As recomendações incluem ações relacionadas a gênero, idade, antirracismo, deficiência e clima, garantindo acesso a trabalho decente, água, terra, moradia, segurança alimentar, educação universal, saúde e sistemas de proteção social.
Sem PIB per capita
No campo econômico, o C20 recomenda a substituição do PIB per capita por um índice que considere investimentos sociais, econômicos, climático e riscos para a definição de políticas globais. O grupo também pede a implementação de “planos de transição justa” baseados no desinvestimento em combustíveis fósseis, e promoção de medidas de mitigação e adaptação climáticas mais ambiciosas.
— Todos os biomas brasileiros estão conectados entre si e internacionalmente. A percepção desta interdependência é uma mensagem da sociedade civil — explica o presidente do C20, Henrique Frota.
O C20 recomendou a promoção de políticas fiscais “progressivas e justas”, baseadas na tributação de super-ricos e na redução de incentivos fiscais para setor privado e corporações que “geram externalidades sociais, econômicas e ambientais”.
O fechamento de paraísos fiscais, a eliminação da lavagem de dinheiro e de brechas que facilitem a sonegação fiscal também constam entre os objetivos do grupo, que pede o fortalecimento de instrumentos de cooperação internacional do G20 e trocas de informações entre os países para realização deste trabalho de contenção.
O que pede o C-20
- Direitos humanos: garantir a democracia e laicidade por meio de políticas públicas baseadas em evidências e integralmente financiadas pelos Estados.
- Economia: promoção de políticas fiscais globais progressivas e justas, além da redução da carga da dívida e seus custos para países de baixa e média renda.
- Bancos: reforma da estrutura de governança e práticas das Instituições Financeiras Internacionais.
- Mudanças climáticas: implementação de planos de transição justos, com desinvestimento em combustíveis fósseis e medidas de adaptação e mitigação climáticas mais ambiciosas.
- Desigualdade social: erradicação da pobreza e da fome, garantindo empregos decentes, segurança e acesso a saúde e educação.
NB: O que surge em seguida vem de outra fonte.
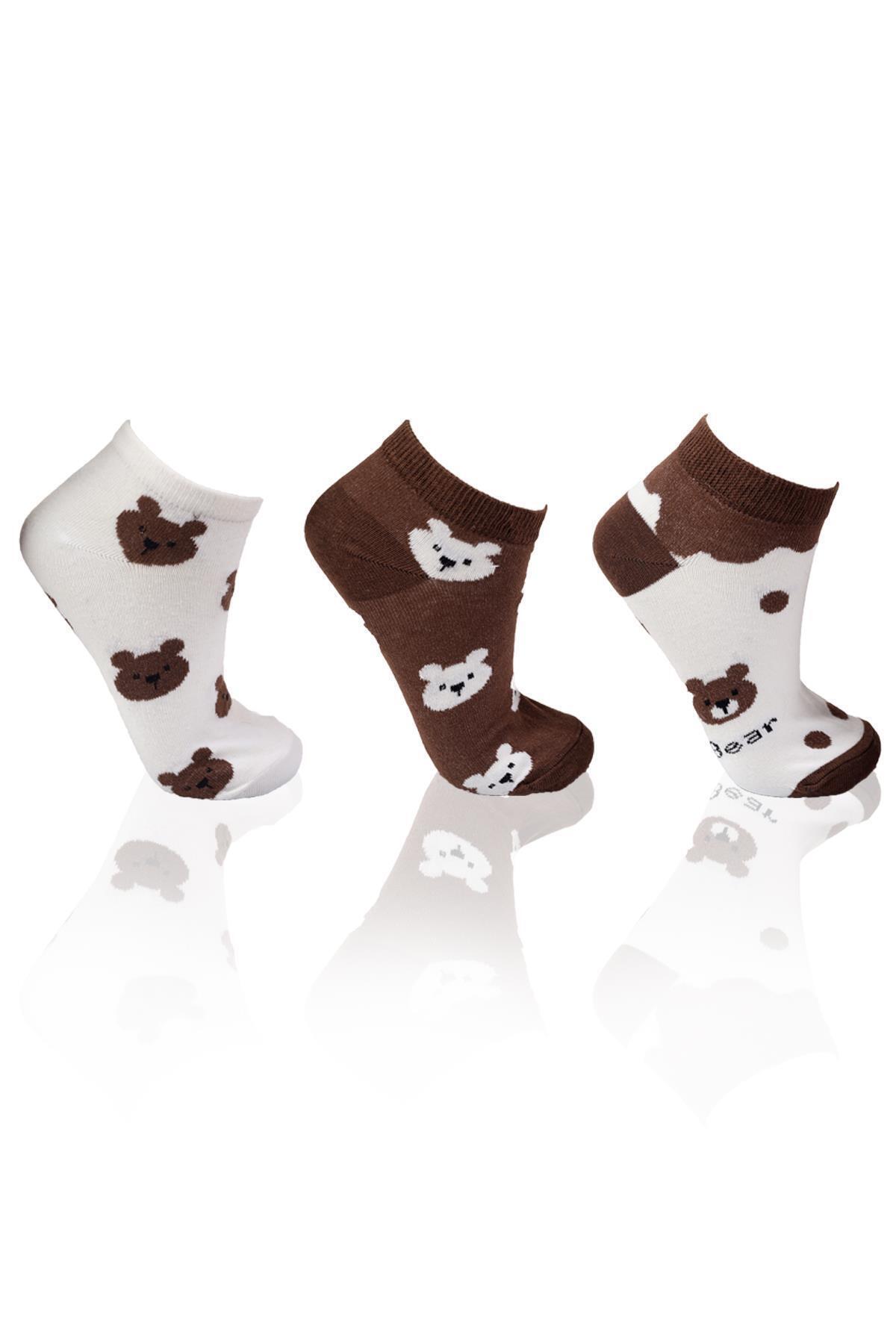 Renkli 3'lü Ayıcıklı Patik Çorap 1116 - 2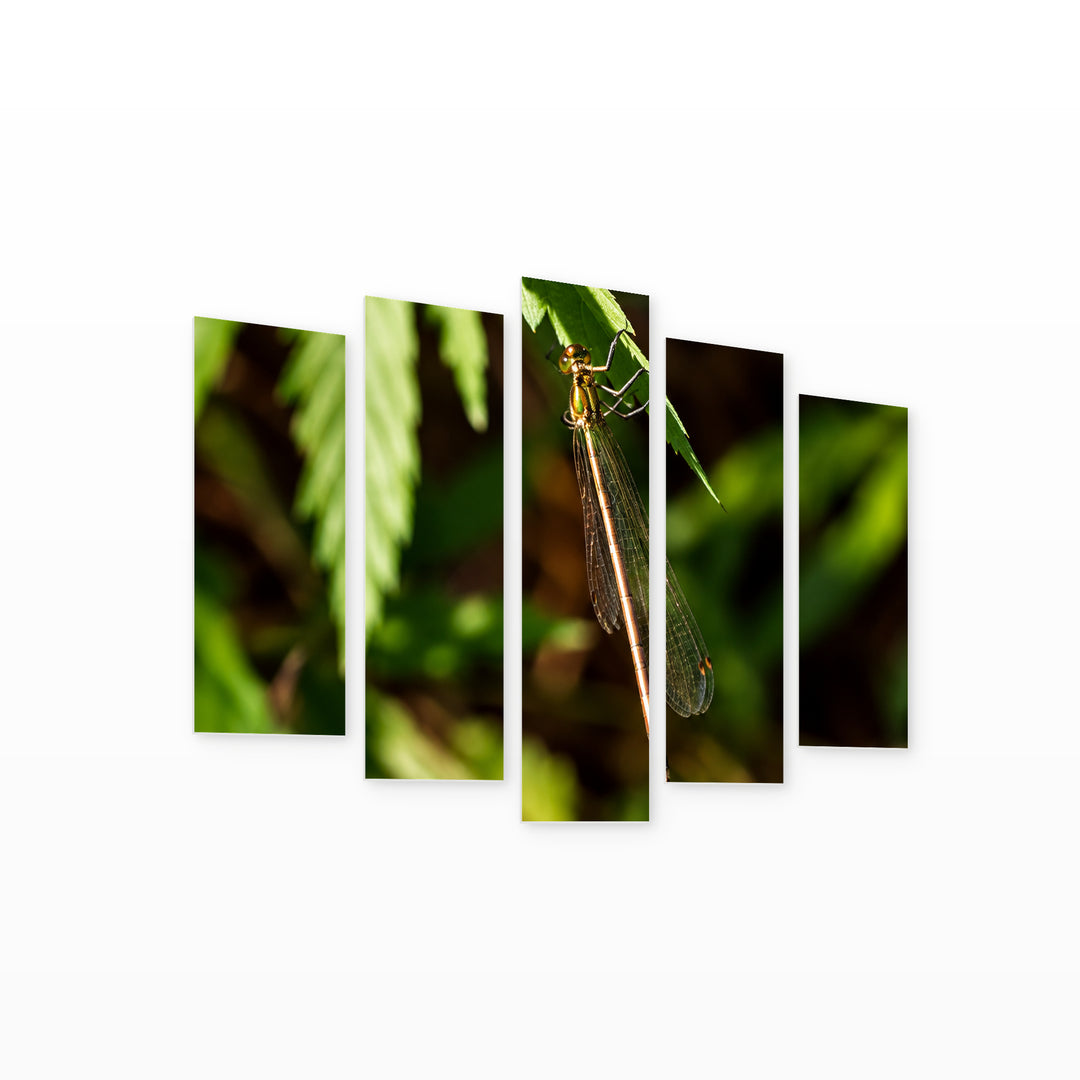 Dragonfly in Vivid Color — five-panel wall art on white background in perspective | 5wallart 57557 M1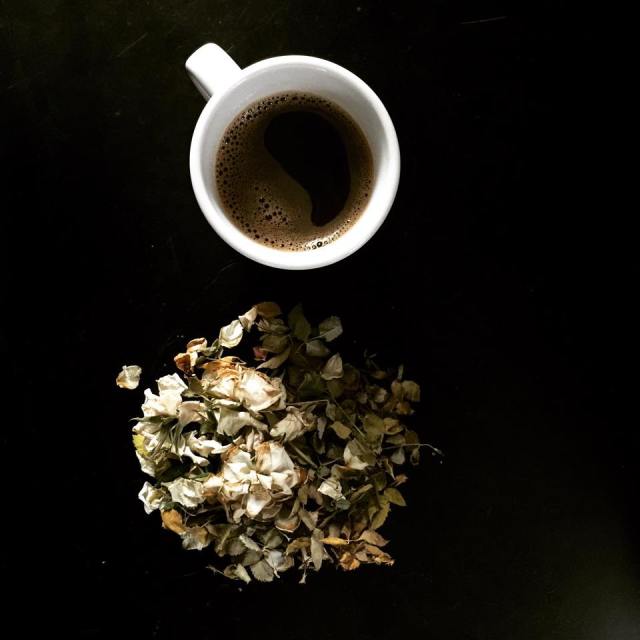 1509996_10206316150133345_1786846934374233073_n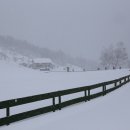 철수목장 이미지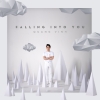 Falling Into You (Single) - Quang Vinh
- Mulheres: recomenda representação paritária na governança de instituições e a medição da contribuição do trabalho de cuidado não remunerado.
- Trabalho: destaca a necessidade de proteger direitos e segurança dos trabalhadores e erradicar a exploração.
- Saúde: recomenda garantir os direitos sexuais e reprodutivos para todos com serviços acessíveis e facilitados.
- Segurança: reduzir os gastos militares e a produção de armas, além de aumentar a proteção jurídica para organizações e movimentos da sociedade civil.
- Tecnologia: garantia da deliberação pública, além da transparência, responsabilização e aplicação sobre o desenvolvimento e uso digital.
Com o T20
Nesta semana, o C20 laçou uma declaração conjunta com o T20 — grupo que reúne think thanks e institutos de pesquisa do G20. O documento, que trata de economia, mudanças climáticas e digitalização, traz outras recomendações ao G20.
— Não vamos conseguir avançar na transição energética sem um olhar especial socioeconômico. O modelo atual é baseado em uma grande injustiça. Os países desenvolvidos foram os que mais poluíram, e quem mais sofre as consequências são as nações em desenvolvimento, que não têm acesso a financiamentos justos para a ação climática — avalia Maiara Folly, diretora-executiva da Plataforma CIPÓ e co-líder da Força-tarefa 02, “Ação Climática Sustentável e Transições Energéticas Justas e Inclusivas”, do T20 Brasil.